Lorenzo Nencini (January 10, 1806 - March 14, 1854) was an Italian sculptor associated with Neoclassicism, active primarily in Florence.

== Early life and education ==
Nencini was born in Florence, and in 1819 admitted to that city's Academy of Fine Arts. Starting in 1823, he served his apprenticeship under sculptor Stefano Ricci (1765-1837), from whom Nencini adopted Canova's classicism. In 1827, he won a prize from the Academy, and two years later he was given another prize for his bas-relief depicting Adam and Eve expelled from Eden.

== Career ==
In 1832, he executed a statue of Saint Nicholas, now lost, noted for its reproduction of the historical clothes and accessories. In 1837, he showed a plaster model of what was deemed "the most beautiful of his works" (Saltini, 1862, p. 35), a lounging Bacchante in the act of eating grapes; he exhibited it again at Brera in 1838 and donated it to the Academy in Milan, where it remains today. In 1837, he created the effigy of Guido of Arezzo, inventor of the musical score, for the twenty-seventh niche of the outdoor Loggiato of the Uffizi; it was inaugurated ten years later on 24 June 1847.
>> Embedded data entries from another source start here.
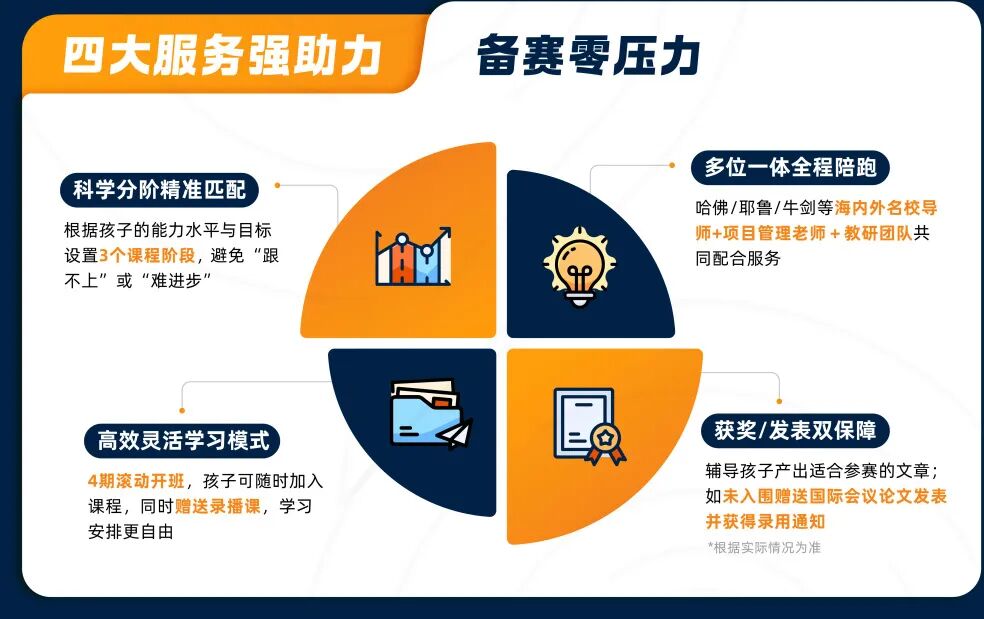 为什么要参加John Locke竞赛？2026年赛事全攻略一文讲清~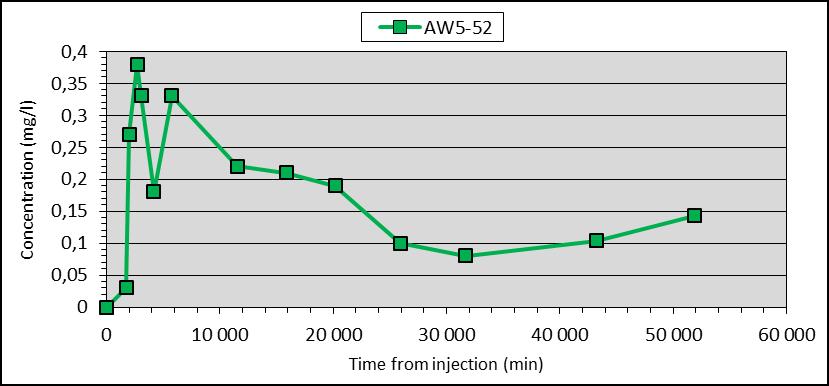 Minoritní koncentrace stopovače (0,X mg/l) se objevila také ve vrtech AW5-33, AW5-51 a AW5-52. Do grafu byly vyneseny údaje z vrtů AW5-50 a AW5-52.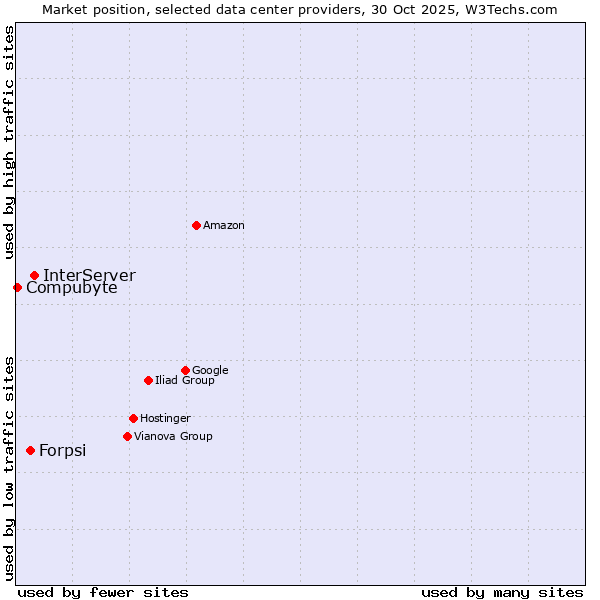 Market position of InterServer vs. Forpsi vs. Compubyte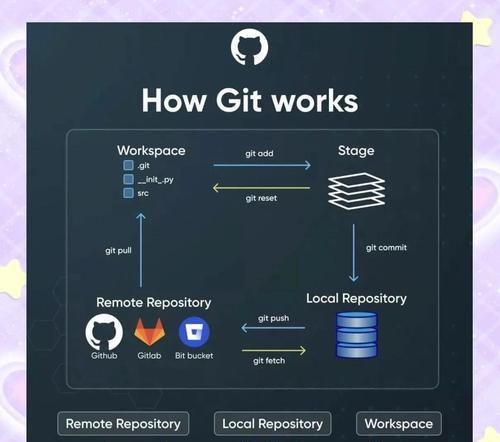 如何使用Gitea和GitHook托管Hexo博客？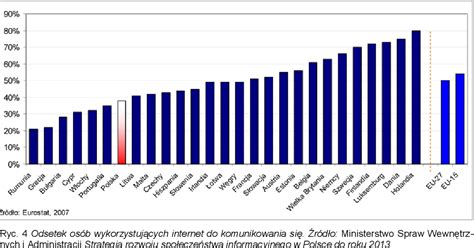 Figure From Konsultacje Spo Eczne W Planowaniu Miejscowym Wybrane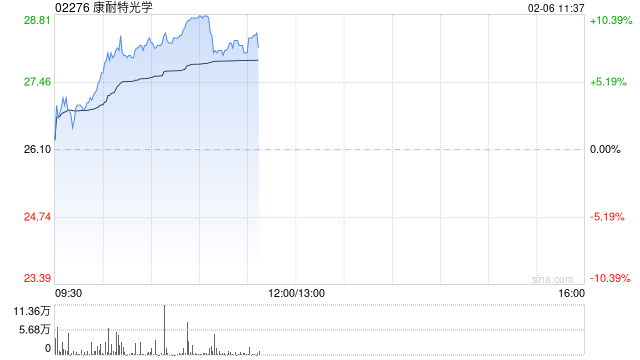 康耐特光学早盘涨超8% 机构看好今年成AI眼镜爆发元年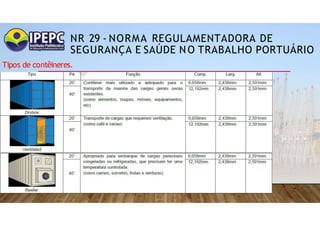 NR 29 - NORMA REGULAMENTADORA DE
SEGURANÇA E SAÚDE NO TRABALHO PORTUÁRIO
Tipos de contêineres.
 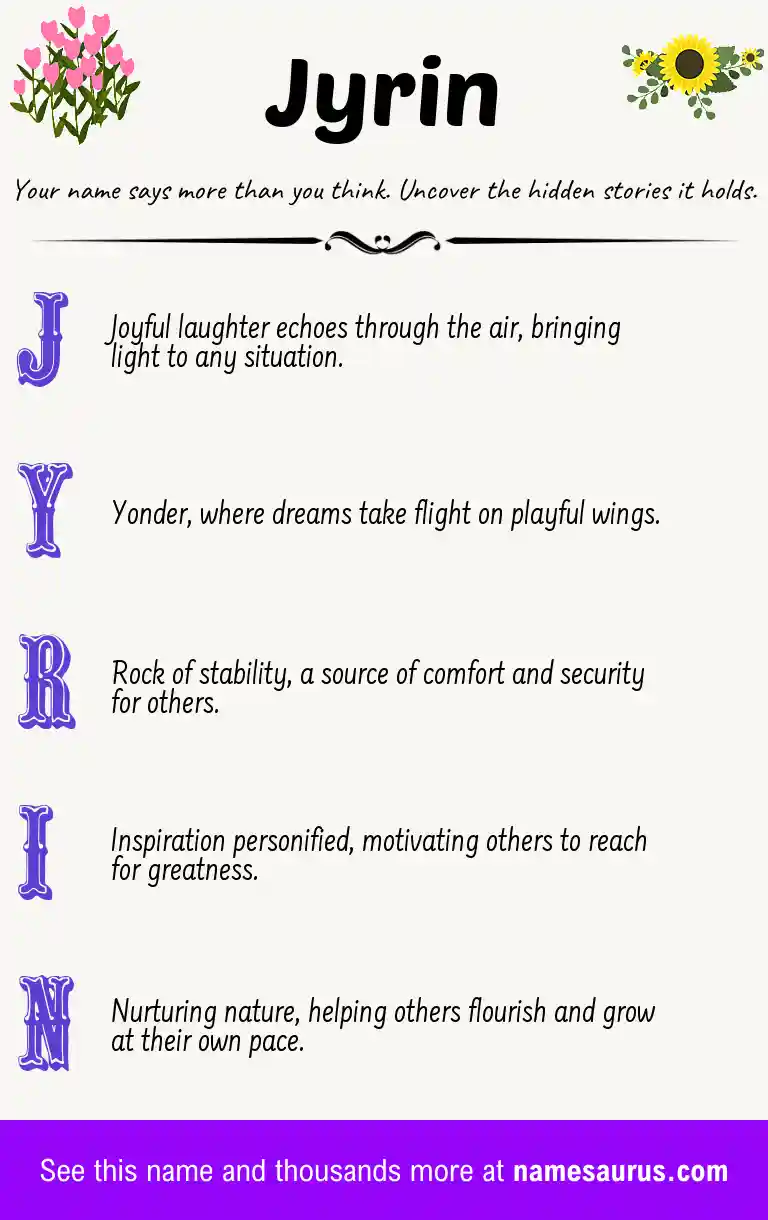 Acrostic poem about Jyrin.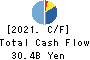 Mercari,Inc. Cash Flow Statement 2021年Jun期 Mercari,Inc. Cash Flow Statement 2021年6月期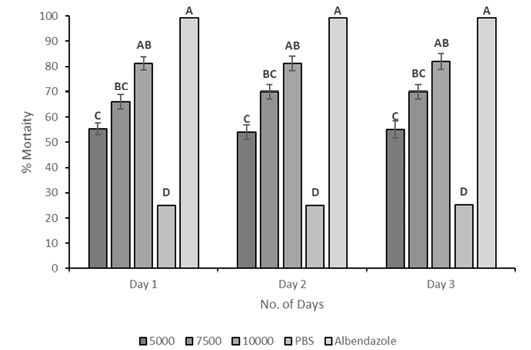 Figure 4: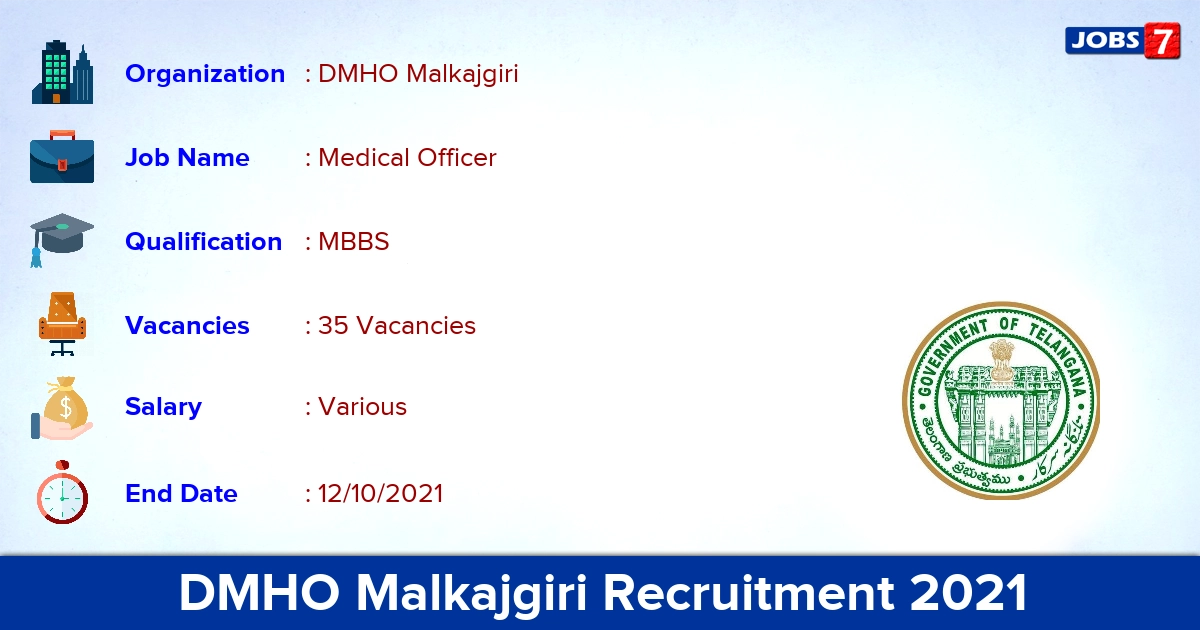 DMHO Malkajgiri Recruitment 2021 - Apply Offline for 35 Medical Officer vacancies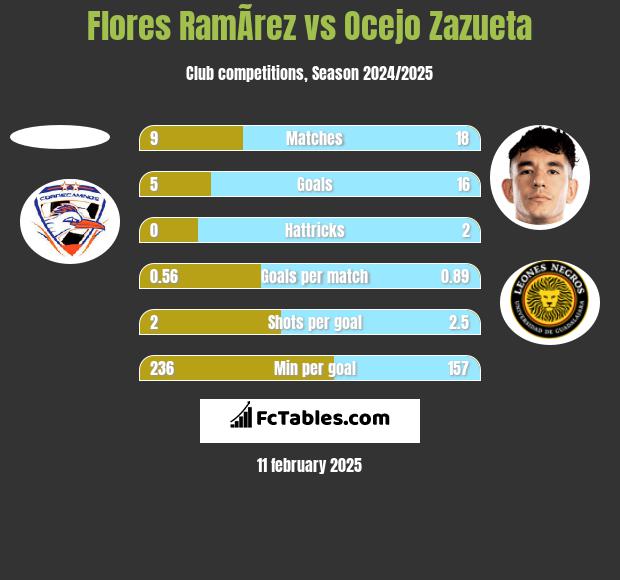 Flores RamÃ­rez vs Ocejo Zazueta h2h player stats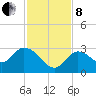 Little Spanish Key tide chart for Sunday, December 8, 2024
In 1838, Nencini created the tomb of Giovita Garavaglia for the Florentine basilica of Santissima Annunziata. He was then commissioned to decorate the porch of the church of Follonica with two bas-reliefs, as well as the gate of San Marco di Livorno, and following these prestigious commissions was commissioned in 1840-41 to execute the bust of Evangelista Torricelli and a medallion depicting Alessandro Marsili (1601–1670) for the Observatory of Galileo in Florence.

In 1844, Nencini was elected a member of the Academy of Fine Arts, and in 1849, he was appointed deputy professor of sculpture. On September 11, 1853, he was elected to the Academic Council for the sculptors' section. His works were exhibited at the London Universal Exposition of 1854.

Nencini died in Florence on March 14, 1854.